Monday, 28 February 2011

KEVIN LOH Guitar Recital / Review

KEVIN LOH Guitar Recital
Esplanade Concert Hall
Friday (25 February 2011)


This review was published in The Straits Times
on 28 February 2011 with the title
"Kevin wows on guitar".

A little piece of history was made last week. The first ever solo classical guitar recital by a Singaporean guitarist at Esplanade Concert Hall was given by the 13-year-old Kevin Loh, recipient of the prestigious HSBC Youth Excellence Award in 2010. A student of UK’s Yehudi Menuhin School, the teenager’s youth belied an artist of uncommon maturity and poise.

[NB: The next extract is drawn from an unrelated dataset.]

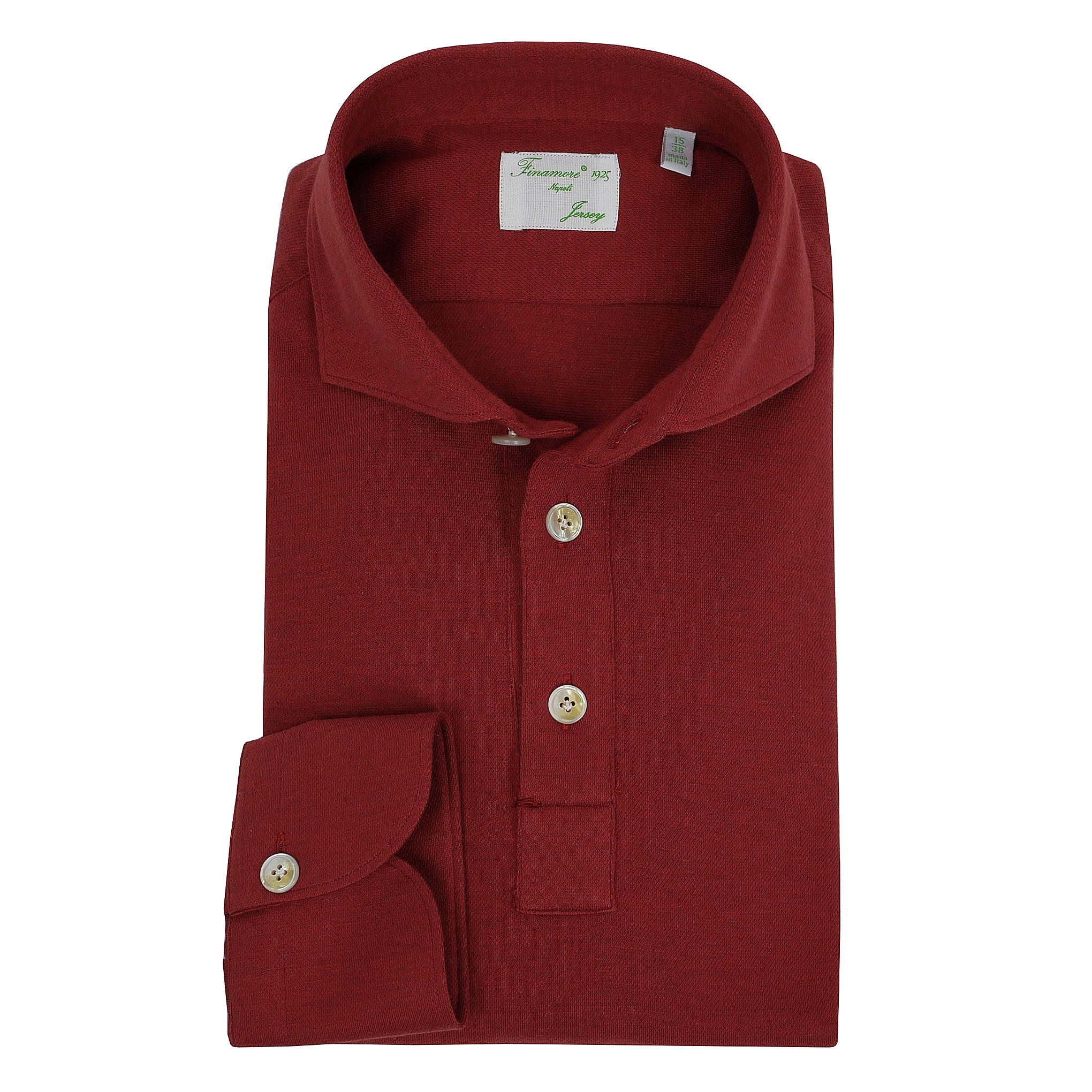 Polo Orlando jersey dark red cotton cashmere. Finamore 1925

This two-hour long recital showcased him in multi-faceted roles, as solo recitalist and in collaboration with other instrumentalists. The solo segments opened and closed the recital, beginning with Andrew York’s Jubilation and Sunburst. What sounded like mere improvisation soon expanded into an exuberant display of pyrotechnics, which continued into Paganini’s inventive Andantino Variations (from the Gran Sonata)and Paulo Bellinati’s Brazilian dance Drongo.

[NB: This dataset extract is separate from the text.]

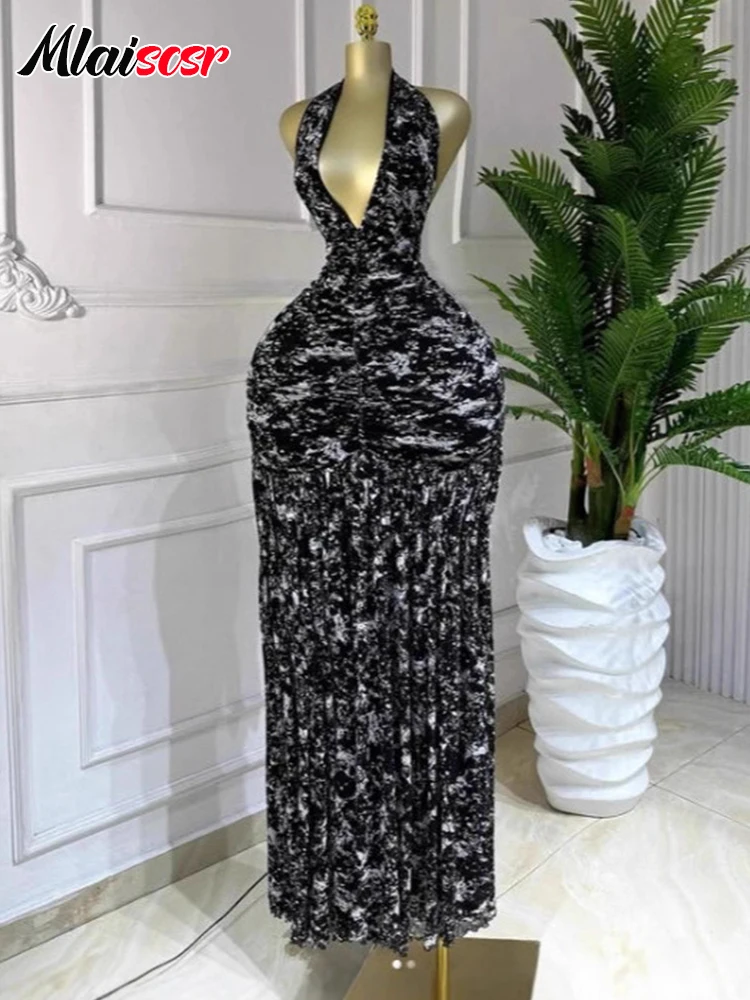 

Mlaiscsr Elegant Off Shoulder Sleeveless Halter V-neck Printed Maxi Dress Women Sexy Evening Weddingd Vacation Party Vestidos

He performs with very clear articulation, never losing the melodic thread nor pulse of the narrative, and communicates with disarming ease. His technique is prodigious, yet there is no virtuosity for its own sake, a case of facility serving the expressive soul of the music.

Together with string players from the Orchestra of Music Makers, they performed Vivaldi’s Concerto in D major (RV.93), originally scored for the lute. Ever sensitive to his partners, Loh’s solo part transcended the ensemble effortlessly, making most of the slow movement’s seamless serenade. Even better was Malcolm Arnold’s bittersweet Serenade, with its pastoral musings finding a brief diversion of playfulness before returning to a sublime respite.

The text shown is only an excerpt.